# What the task requires:
Please return the lines from the one with "40x30x20cm Double Corrugated White Box" through the end of the listing below, word for word, with every picture left out.

------------

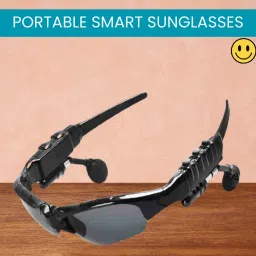 YAROH Bluetooth Sunglasses With Wireless Earphones Attached & Stereo Sound FeatureT182-image-4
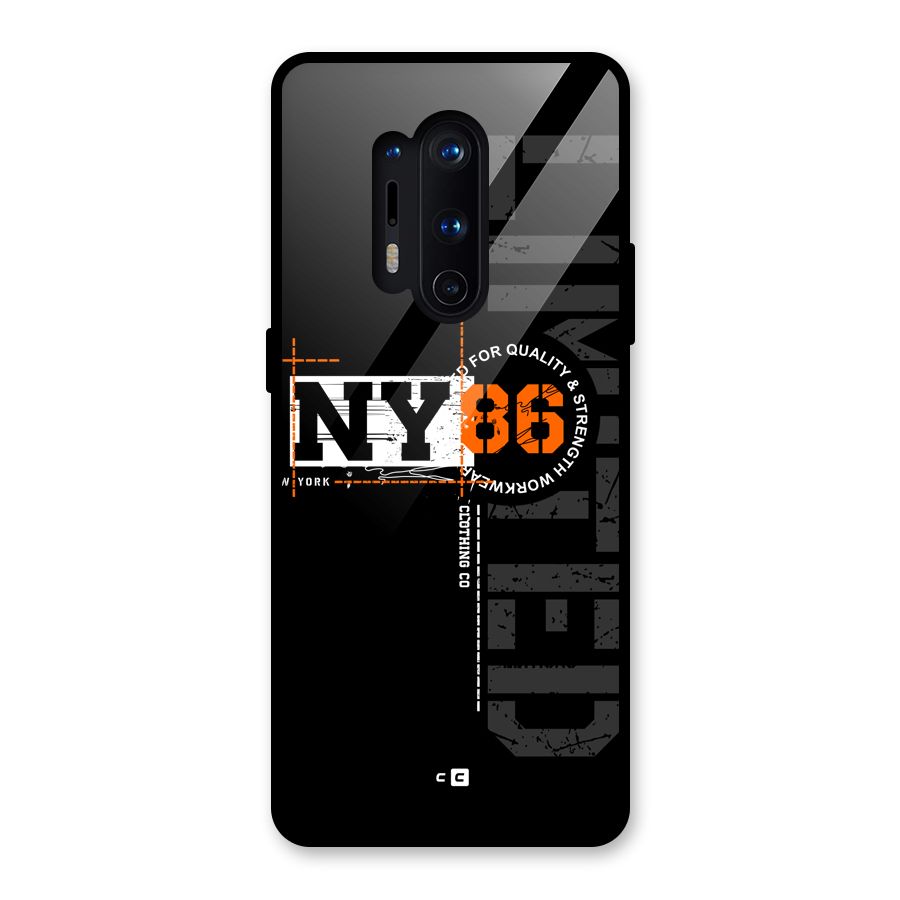 New York Limited Glass Back Case for OnePlus 8 Pro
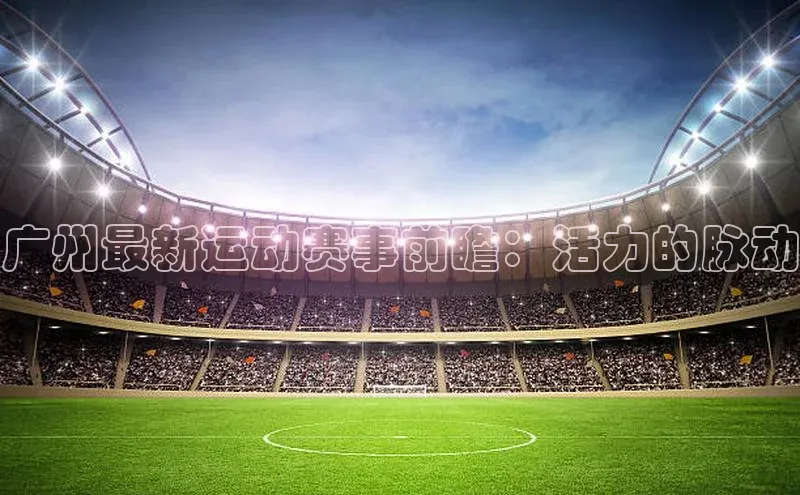 广州最新运动赛事前瞻：活力的脉动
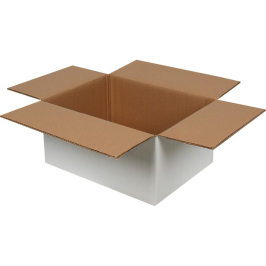 40x30x20cm Double Corrugated White Box 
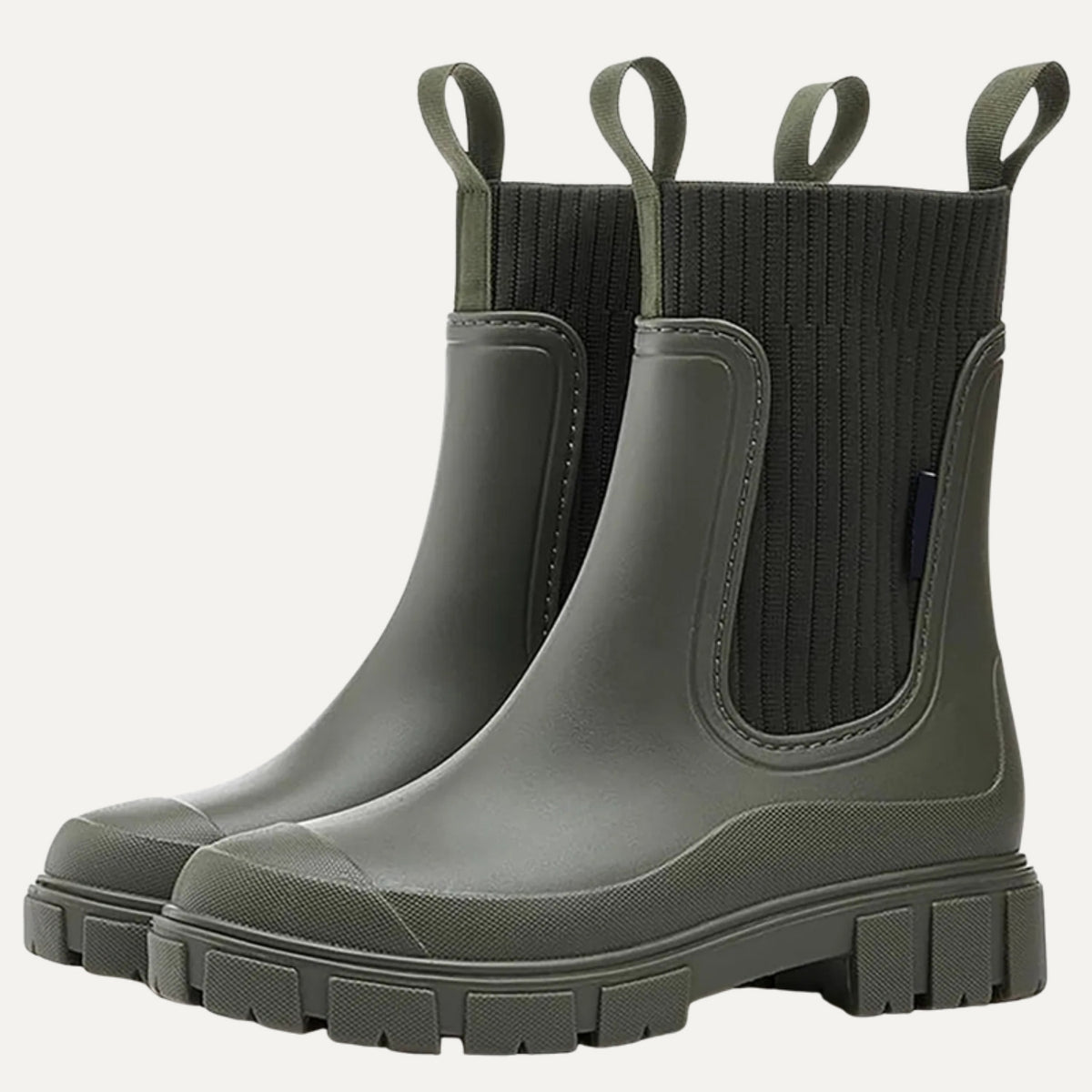 Isla Chelsea Rain Boots – Olive Green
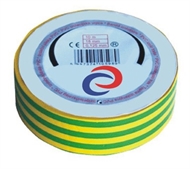 PVC electrical insulating tape 20mx18mm , green-yellow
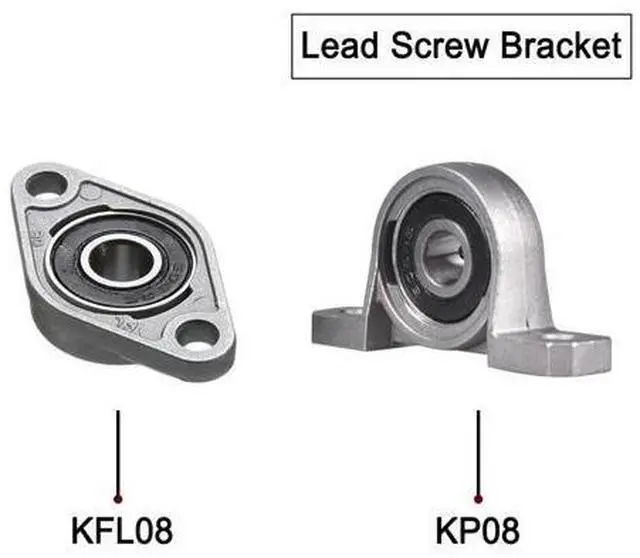Main image of Horizontal KFL08 Vertical KP08 Bearing Bracket parts For 3D Printer T8 Trapezoidal Lead Screw Stainless Steel Mounted Stand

------------

# Result for this exercise:
 40x30x20cm Double Corrugated White Box 
 Isla Chelsea Rain Boots – Olive Green
 PVC electrical insulating tape 20mx18mm , green-yellow
Main image of Horizontal KFL08 Vertical KP08 Bearing Bracket parts For 3D Printer T8 Trapezoidal Lead Screw Stainless Steel Mounted Stand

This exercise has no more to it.